In 2010 LAT Pharma entered into a license agreement with PharmaIN covering the companies’ collaboration to develop the first-ever version of the drug terlipressin for subcutaneous outpatient injection based on PharmaIN’s proprietary drug delivery technologies. These compounds have recently demonstrated promise in pre-clinical laboratory models.

 

LAT Pharma and PharmaIN have exchanged small (low single-digit) ownership rights to each of the company’s program, and plan to work together to advance both of them towards eventual product commercialization.

 

The Company will initially spend most of its efforts and resources on its “CIP Terlipressin Technology”. This compound is furthest along in development.  We anticipate using our expertise to manage and perform what we believe at this time are the most critical aspects of our product development process which includes completion of pre-clinical studies and planning for the filing of an IND with FDA for advancing to clinical studies.

 

We are now engaged in organizational activities and sourcing compounds and materials. We have not obtained any funding for our drug development business plan nor do we expect to generate revenues in the near future.
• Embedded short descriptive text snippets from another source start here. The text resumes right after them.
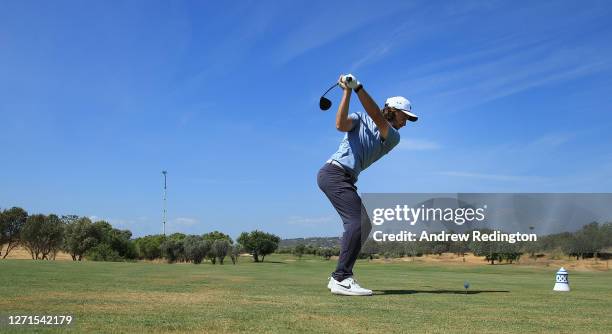 Tommy Fleetwood of England in action during the Pro Am event prior to the start of the Portugal Masters at Dom Pedro Victoria Golf Course on...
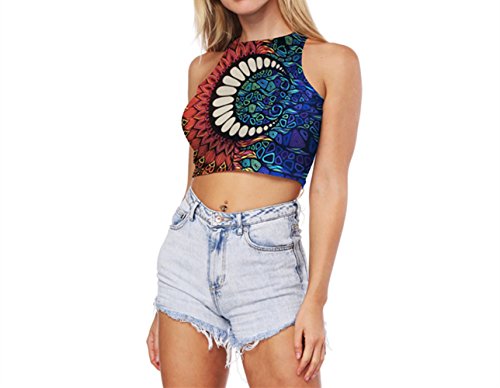 Morbuy Ropa Camiseta sin Mangas Tank Tops para Mujeres, Verano Sexy Estilo Nacional Casual Chaleco Blusa T Shirt (Luna roja Negra)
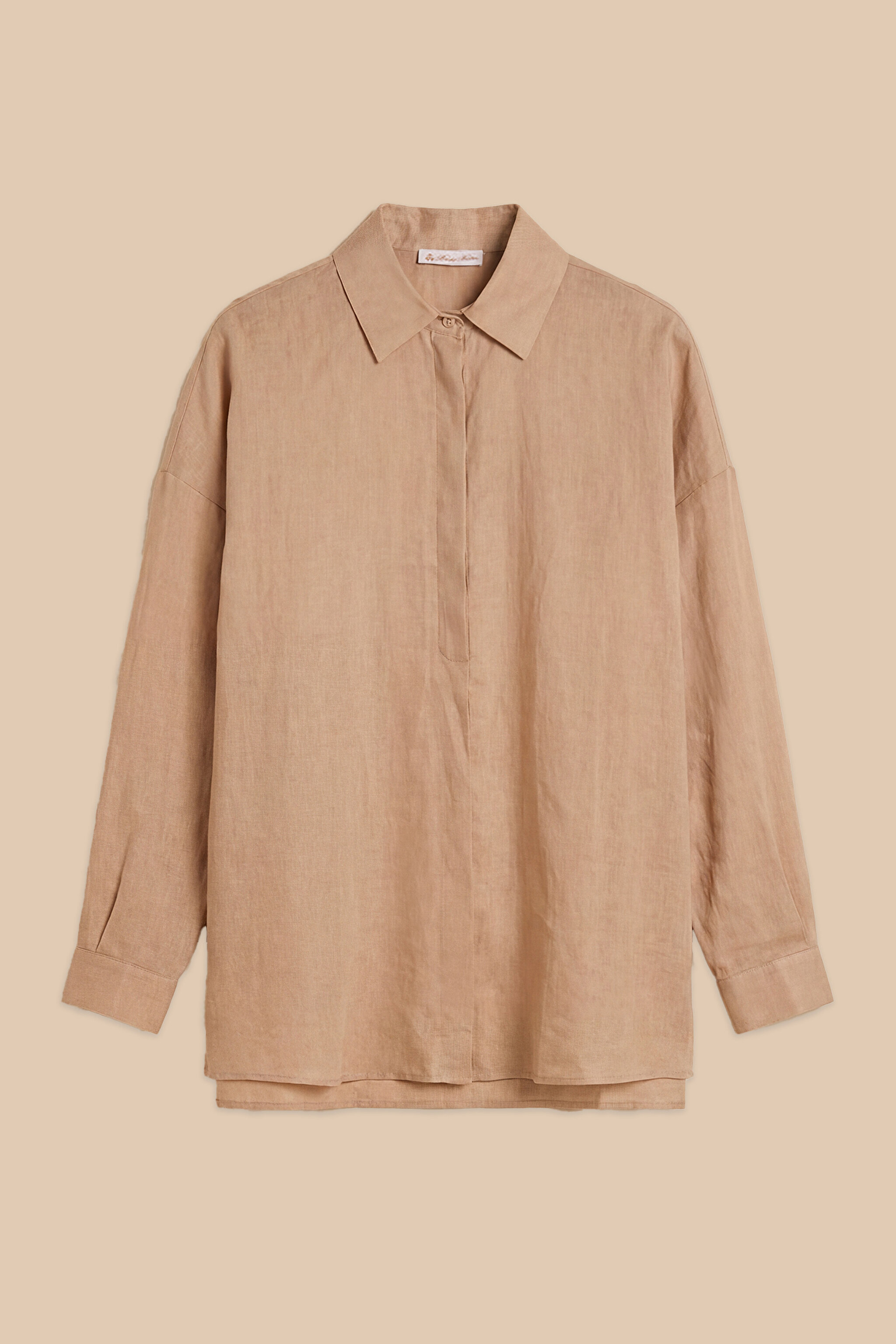 %100 Rami Apoletli  Oversize Gömlek - Camel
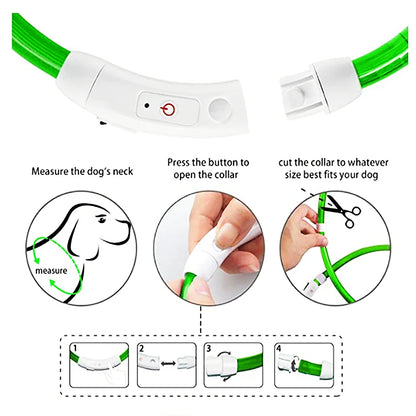 USB Rechargeable Led Glowing Collar for Pets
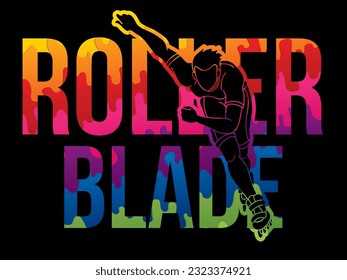 Rollerblade Player with Text Graffiti Extreme Sport Graphic Vector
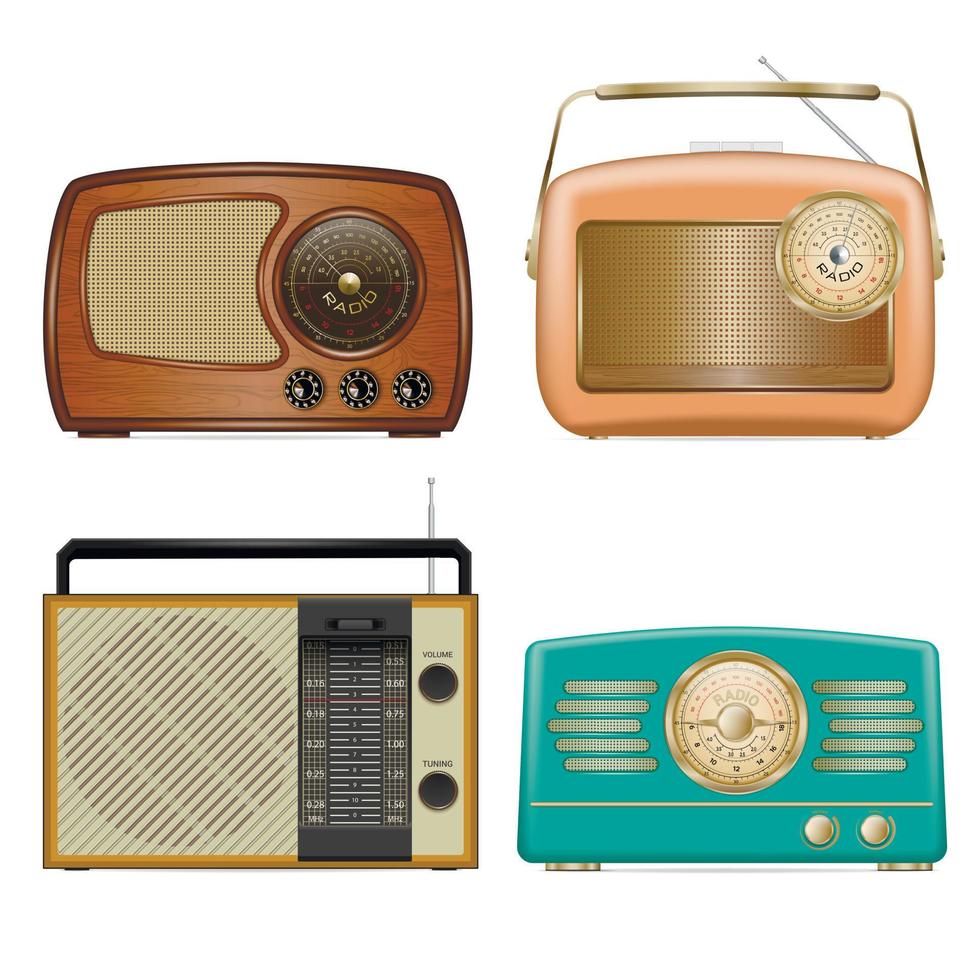 Radio icon set, realistic style vector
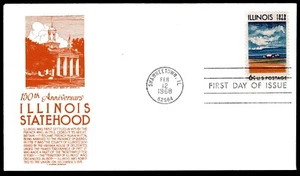 1339 6c Illinois Statehood FDC Anderson brown cachet Feb 12, 1968 - Picture 1 of 1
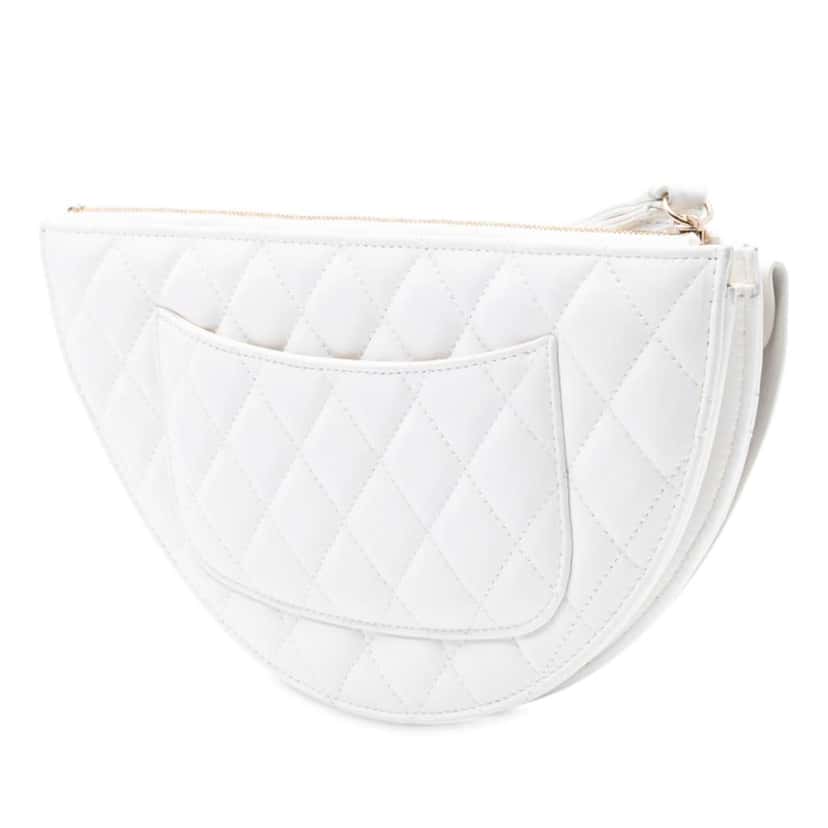 Chanel Lambskin Wave Clutch White Leather Good condition - Back View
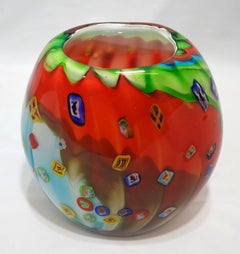 A Large and Heavy Murano Hand Blown Murrine Glass Vase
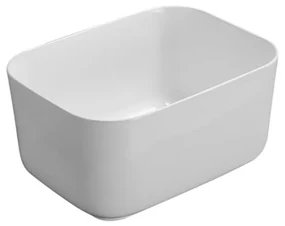 Lavabo da appoggio rettangolare in ceramica L 50 x H 25.5 x P 38 cm bianco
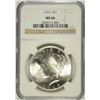 Image 1 : 1923 PEACE SILVER DOLLAR, NGC MS-66  BLAST WHITE!!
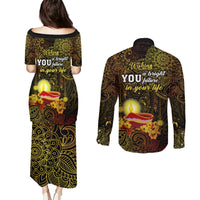 Happy Diwali Festival Couples Matching Puletasi Dress and Long Sleeve Button Shirts Diya Lamp Hibiscus Polynesian Pattern LT05 - Polynesian Pride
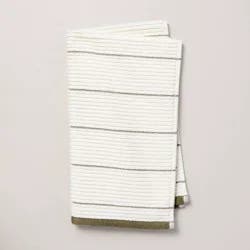 Hearth & Hand with Magnolia Ribbed Terry Hand Towel Cream/Green - Hearth & Hand™ with Magnolia: Midweight Cotton, Stripe Pattern, OEKO-TEX Certified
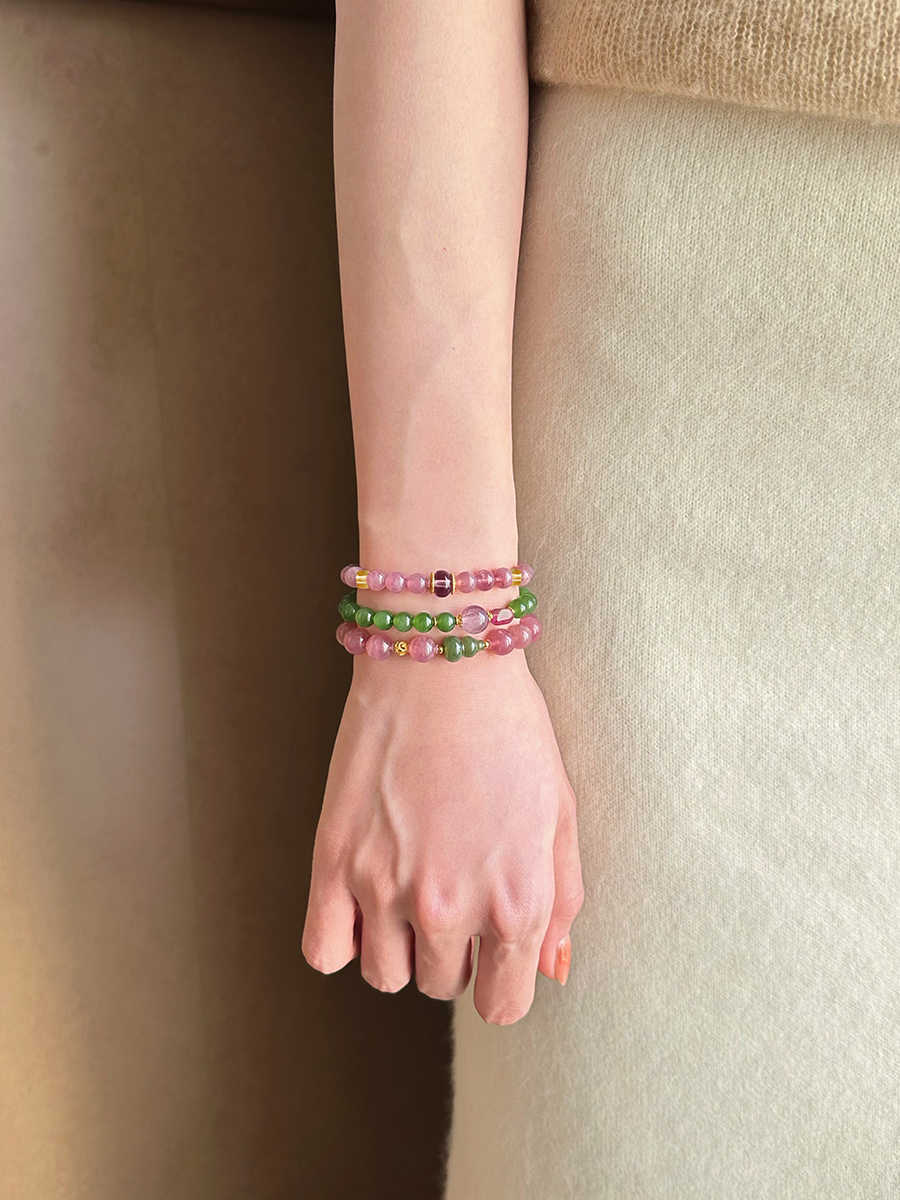Haitang Hehuan | Pink Kunzite & Green Jade Gourd Bracelet – Love & Harmony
We may not be successful in developing our drugs, start selling our products when planned, generate revenues, or become profitable in the future. We have incurred net losses in each fiscal period since inception of our operations.

 

The Company’s activities are subject to significant risks and uncertainties including failure to secure additional funding to properly execute the company’s business plan.

 

We have incurred $162,254 of operating expenses for the nine months ended March 31, 2016.   We anticipate incurring other costs associated with equipment purchases and general and administrative expenses, including employee salaries and benefits, legal expenses, and other costs associated with an early stage, publicly-traded company.

 

The amounts that we actually spend for any specific purpose may vary significantly, and will depend on a number of factors including, but not limited to, the pace of progress of our research and development, market conditions, and our ability to qualify vendors. In addition, we may use a portion of any net proceeds to acquire complementary compounds; however, we do not have plans for any acquisitions at this time. We will have significant discretion in the use of any net proceeds. Investors will be relying on the judgment of our management regarding the application of the proceeds of any sale of our Common Stock.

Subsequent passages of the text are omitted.